Statistical Algorithms

  • k-sigma[1], or 68–95–99.7 rule: The k value defines how many standard deviations indicate an anomaly. The default value is 3. The k-sigma algorithm require data to be in a regular distribution. Data points that lie outside of k standard deviations are considered anomalous.
ParameterDescriptionRequired?Default
kNumber of standard deviationsNo3
--- Use the k-sigma algorithm with a k value of 2
SELECT _WSTART, COUNT(*)
FROM foo
ANOMALY_WINDOW(foo.i32, "algo=ksigma,k=2")
  • Interquartile range (IQR)[2]: IQR divides a rank-ordered dataset into even quartiles, Q1 through Q3. IQR=Q3-Q1, for v, Q1 - (1.5 x IQR) <= v <= Q3 + (1.5 x IQR) is normal. Data points outside this range are considered anomalous. This algorithm does not take any parameters.
--- Use the IQR algorithm.
SELECT _WSTART, COUNT(*)
FROM foo
ANOMALY_WINDOW(foo.i32, "algo=iqr")
  • Grubbs's test[3], or maximum normalized residual test: Grubbs is used to test whether the deviation from mean of the maximum and minimum is anomalous. It requires a univariate data set in a close to normal distribution. Grubbs's test cannot be uses for datasets that are not normally distributed. This algorithm does not take any parameters.
--- Use Grubbs's test.
SELECT _WSTART, COUNT(*)
FROM foo
ANOMALY_WINDOW(foo.i32, "algo=grubbs")
  • Seasonal Hybrid ESD (S-H-ESD)[4]: Extreme Studentized Deviate (ESD) can identify multiple anomalies in time-series data. You define whether to detect positive anomalies (pos), negative anomalies (neg), or both (both). The maximum proportion of data that can be anomalous (max_anoms) is at worst 49.9% Typically, the proportion of anomalies in a dataset does not exceed 5%.
ParameterDescriptionRequired?Default
directionSpecify the direction of anomalies ('pos', 'neg', or 'both').No"both"
max_anomsSpecify maximum proportion of data that can be anomalous k, where 0 < k <= 49.9No0.05
periodThe number of data points included in each periodNo0
--- Use the SHESD algorithm in both directions with a maximum 5% of the data being anomalous
SELECT _WSTART, COUNT(*)
FROM foo
ANOMALY_WINDOW(foo.i32, "algo=shesd,direction=both,anoms=0.05")
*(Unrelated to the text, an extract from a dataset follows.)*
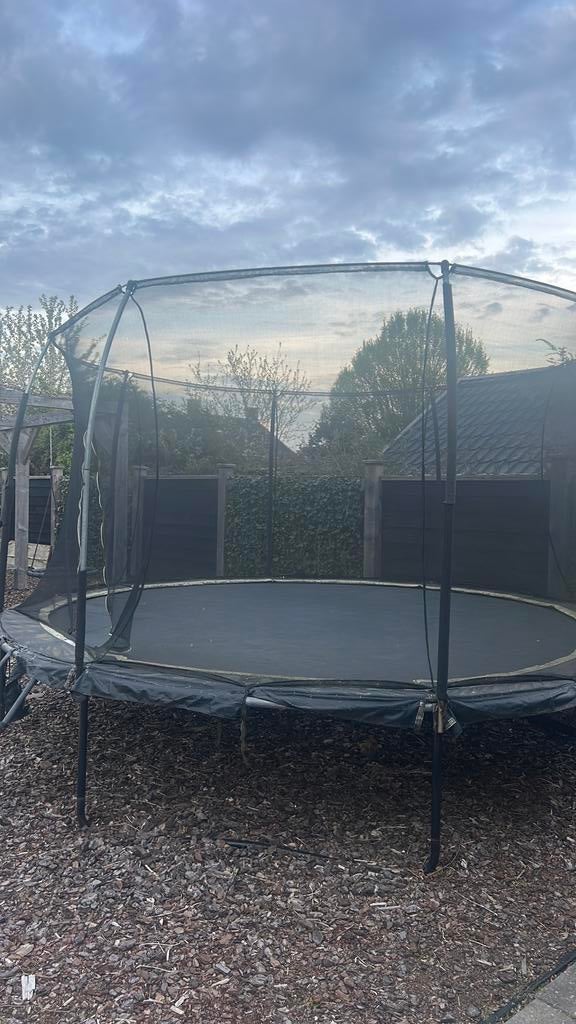 Trampoline, Ophalen, Gebruikt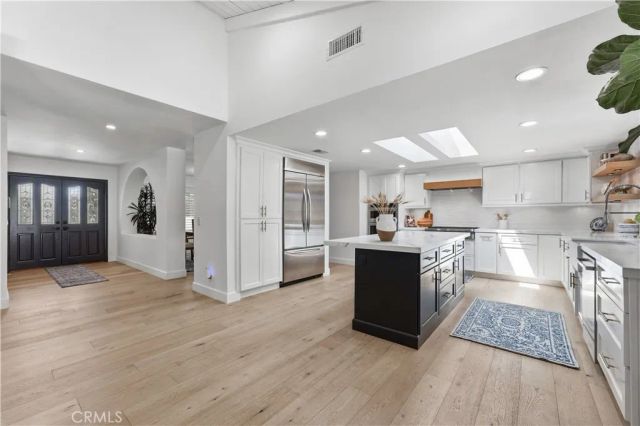 2101 Pioneer Avenue, Fullerton, CA 92831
The following algorithms are in development:

  • Gaussian Process Regression

Change point detection--based algorithms:

  • CUSUM (Cumulative Sum Control Chart)
  • PELT (Pruned Exact Linear Time)

References

  1. https://en.wikipedia.org/wiki/68–95–99.7 rule
  2. https://en.wikipedia.org/wiki/Interquartile_range
  3. Adikaram, K. K. L. B.; Hussein, M. A.; Effenberger, M.; Becker, T. (2015-01-14). "Data Transformation Technique to Improve the Outlier Detection Power of Grubbs's Test for Data Expected to Follow Linear Relation". Journal of Applied Mathematics. 2015: 1–9. doi:10.1155/2015/708948.
  4. Hochenbaum, O. S. Vallis, and A. Kejariwal. 2017. Automatic Anomaly Detection in the Cloud Via Statistical Learning. arXiv preprint arXiv:1704.07706 (2017).